Community action makes a positive difference to public places in Māngere
If you live in Māngere Bridge, you’ll know Val Payne. She’s a local historian, a leader within the local Residents and Ratepayers’ group and over the decades she has been part of countless church and community groups.
Val loves her community and is fiercely protective of it. When drunken behaviour started to become a real problem near the end of 2018, she knew she had to take action.
“We had these rowdy parties that happened all through the summer. They were keeping everybody along Kiwi Esplanade awake. There’d be groups of people in five or six different cars parked on the old bridge, getting drunker and drunker and throwing their empty bottles into the harbour. We were left with all their rubbish. It was an absolute mess.”
The circle of harm from these excessive public drinking sessions was increasing night by night. It may just have started with the drinkers but now it included the people living nearby and the environment. Sadly, there was even a shooting. Read the news article here.
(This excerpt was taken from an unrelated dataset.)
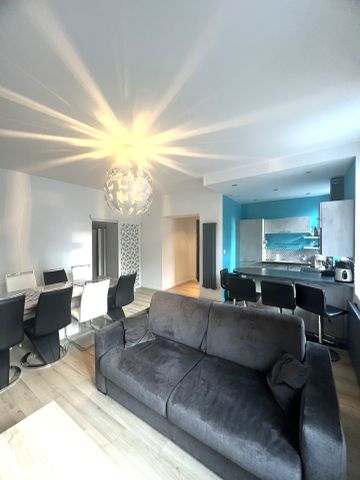 Arras (62000) - Photo 5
Val knew that it wasn’t safe or sensible to approach the people that were drinking on the waterfront. Instead, she mobilised her community. She worked with other locals to organise a public meeting which was held on the 18 February 2019. A news article about the meeting can be accessed here.
“They turned out by the hundreds, and they filled the school hall! They were four or five deep at all the doors. It was absolutely wonderful!”
She didn’t just want the locals to talk amongst themselves; she and her community were demanding action. So, she invited the policy makers, the police and the press. That night they voiced their concerns and discussed possible solutions. One idea was to extend the existing liquor ban to include all public spaces along the waterfront.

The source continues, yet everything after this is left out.